§ TASK BRIEF: Produce an exact transcription of the data, with the images left out.

§ RAW DATA:
****************

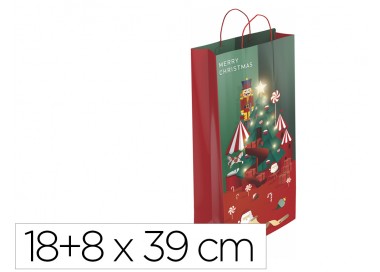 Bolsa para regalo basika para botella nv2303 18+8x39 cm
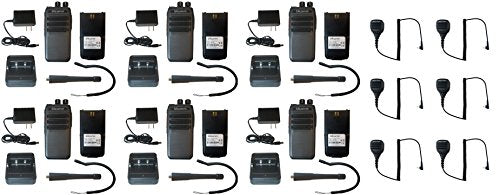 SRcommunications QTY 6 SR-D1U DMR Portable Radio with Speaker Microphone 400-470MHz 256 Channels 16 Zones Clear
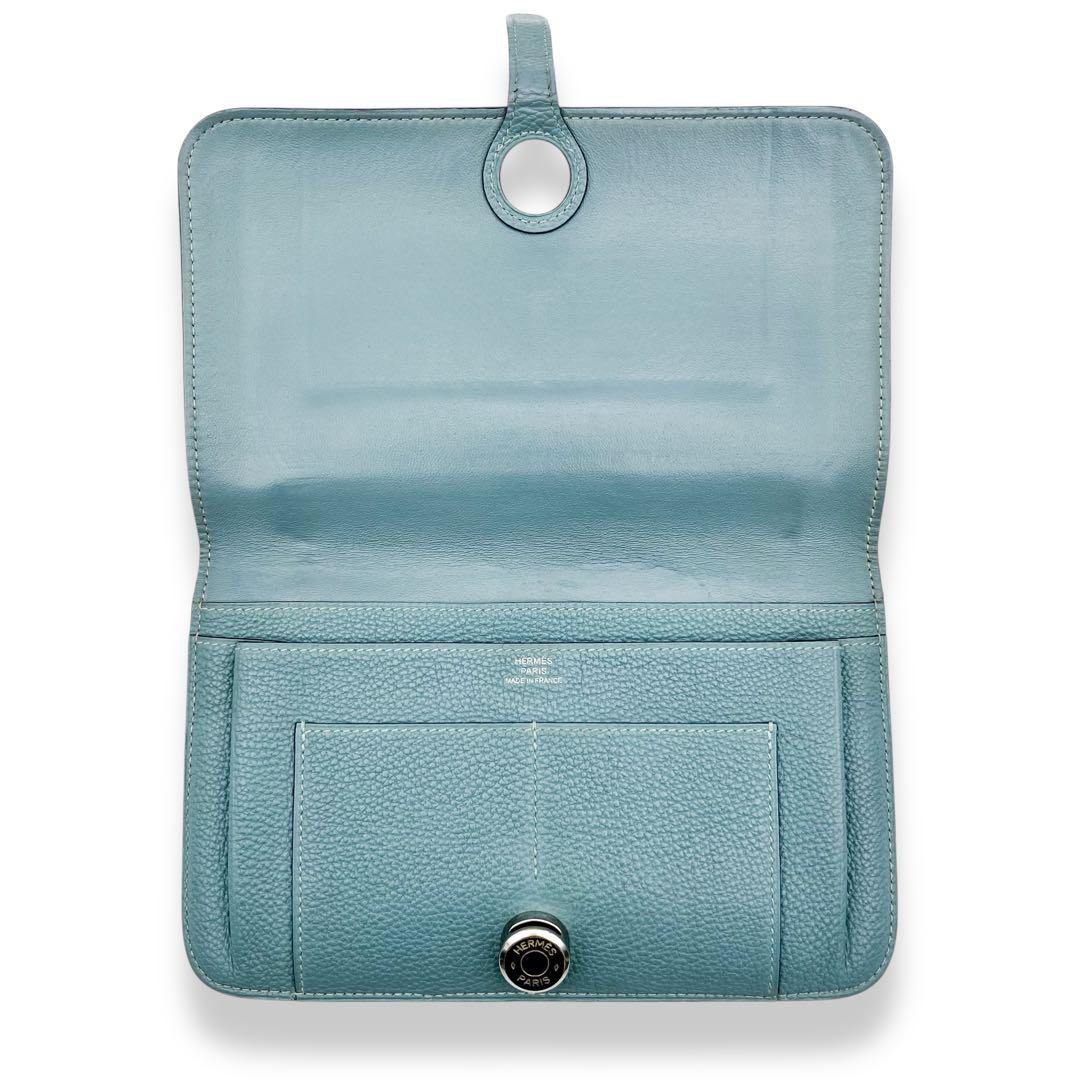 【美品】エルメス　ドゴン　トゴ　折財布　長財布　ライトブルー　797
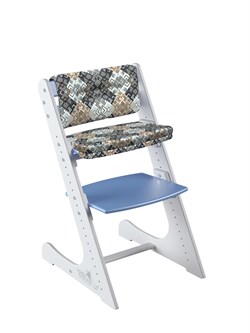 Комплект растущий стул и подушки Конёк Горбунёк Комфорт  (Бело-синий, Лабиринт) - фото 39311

****************

§ WRITTEN SOLUTION:
 Bolsa para regalo basika para botella nv2303 18+8x39 cm
 SRcommunications QTY 6 SR-D1U DMR Portable Radio with Speaker Microphone 400-470MHz 256 Channels 16 Zones Clear
 【美品】エルメス　ドゴン　トゴ　折財布　長財布　ライトブルー　797
 Комплект растущий стул и подушки Конёк Горбунёк Комфорт  (Бело-синий, Лабиринт) - фото 39311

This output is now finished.